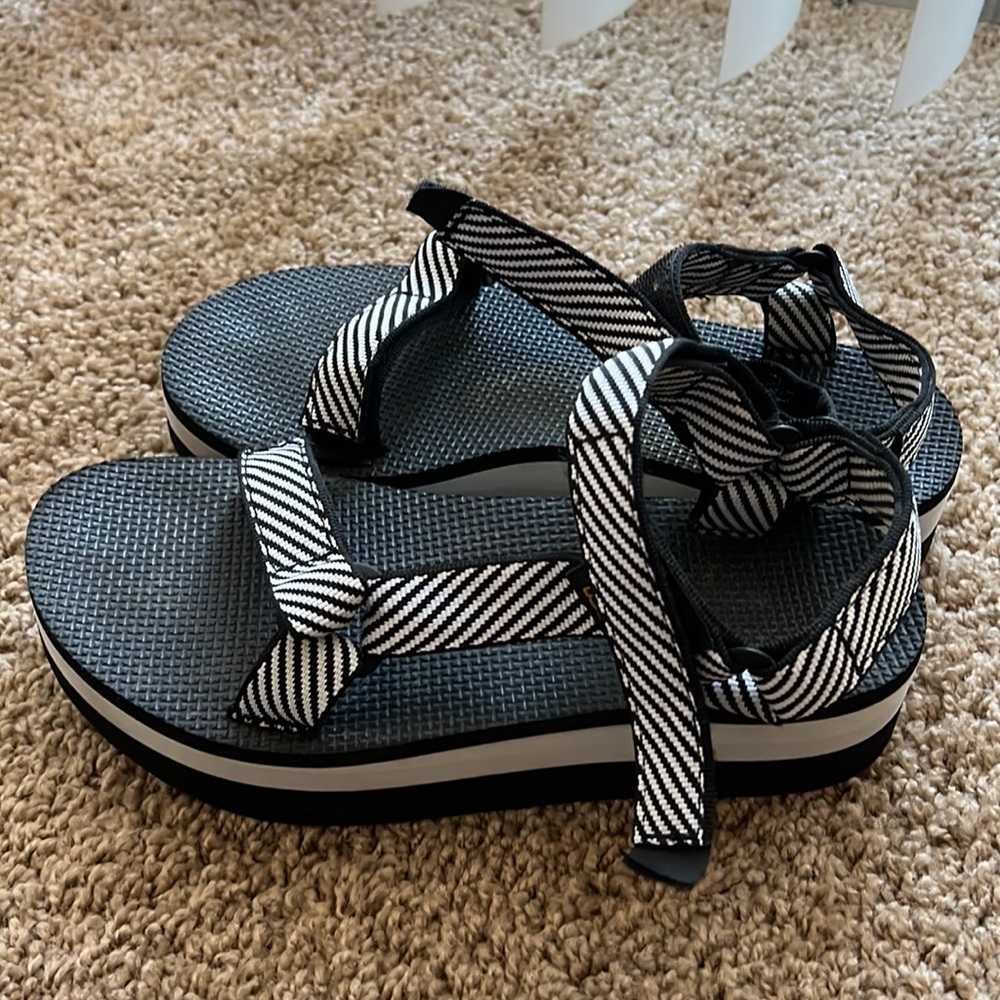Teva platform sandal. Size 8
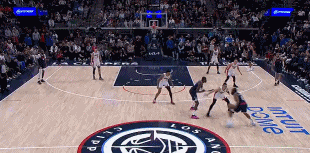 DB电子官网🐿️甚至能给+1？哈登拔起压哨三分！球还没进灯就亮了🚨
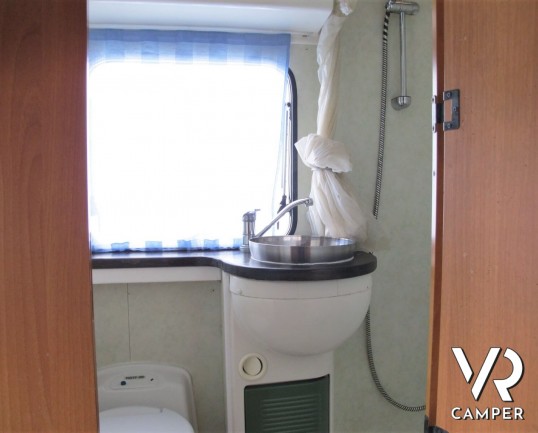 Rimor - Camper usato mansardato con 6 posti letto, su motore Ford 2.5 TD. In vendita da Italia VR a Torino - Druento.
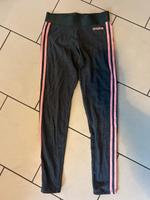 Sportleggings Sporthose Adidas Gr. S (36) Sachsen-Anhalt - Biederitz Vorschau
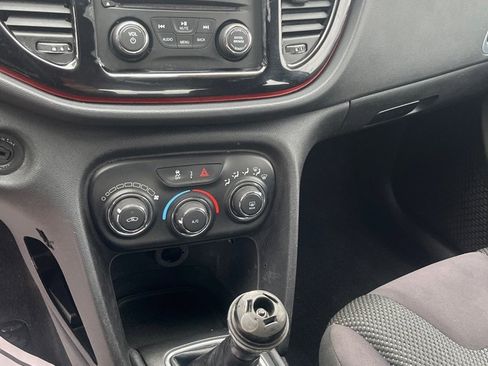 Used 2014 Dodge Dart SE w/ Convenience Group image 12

-=-=-

What the exercise asks: With pictures excluded, the data must be transcribed in full and to the letter.

Reply to the task:
Teva platform sandal. Size 8
 DB电子官网🐿️甚至能给+1？哈登拔起压哨三分！球还没进灯就亮了🚨
 Rimor - Camper usato mansardato con 6 posti letto, su motore Ford 2.5 TD. In vendita da Italia VR a Torino - Druento.
 Sportleggings Sporthose Adidas Gr. S (36) Sachsen-Anhalt - Biederitz Vorschau
 Used 2014 Dodge Dart SE w/ Convenience Group image 12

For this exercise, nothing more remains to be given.